Task statement: Output the data below only from the line containing "Картинка the+november+man кино+фильмы" up to and including the line containing "stoffabrics✨グリーン✨柊 松ぼっくり 雪の結晶✨ゴールド✨生地ハギレ", exact and with the pictures left out.

Material for the task:
== Segment start ==

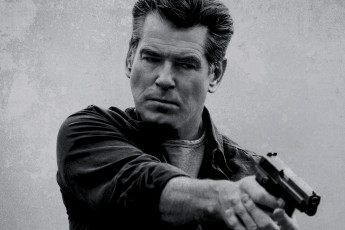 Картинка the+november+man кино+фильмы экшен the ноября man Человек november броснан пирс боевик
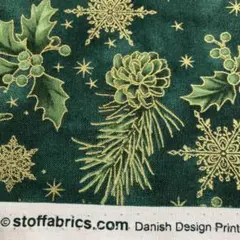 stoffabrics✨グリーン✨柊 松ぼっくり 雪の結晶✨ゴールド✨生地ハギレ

== Segment end ==
== Segment start ==

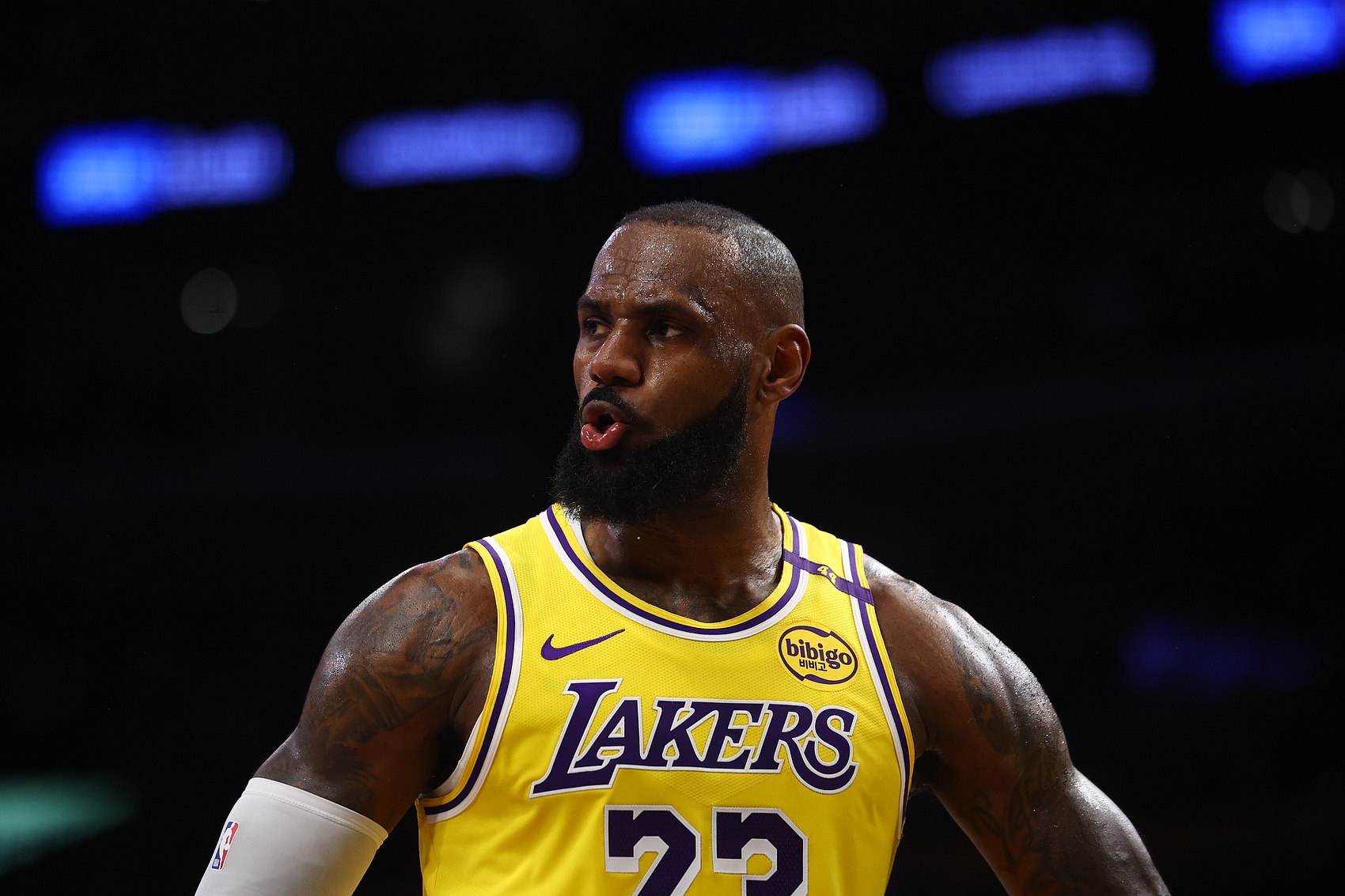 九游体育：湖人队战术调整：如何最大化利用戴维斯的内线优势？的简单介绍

== Segment end ==

Solved exercise:
 Картинка the+november+man кино+фильмы экшен the ноября man Человек november броснан пирс боевик
 stoffabrics✨グリーン✨柊 松ぼっくり 雪の結晶✨ゴールド✨生地ハギレ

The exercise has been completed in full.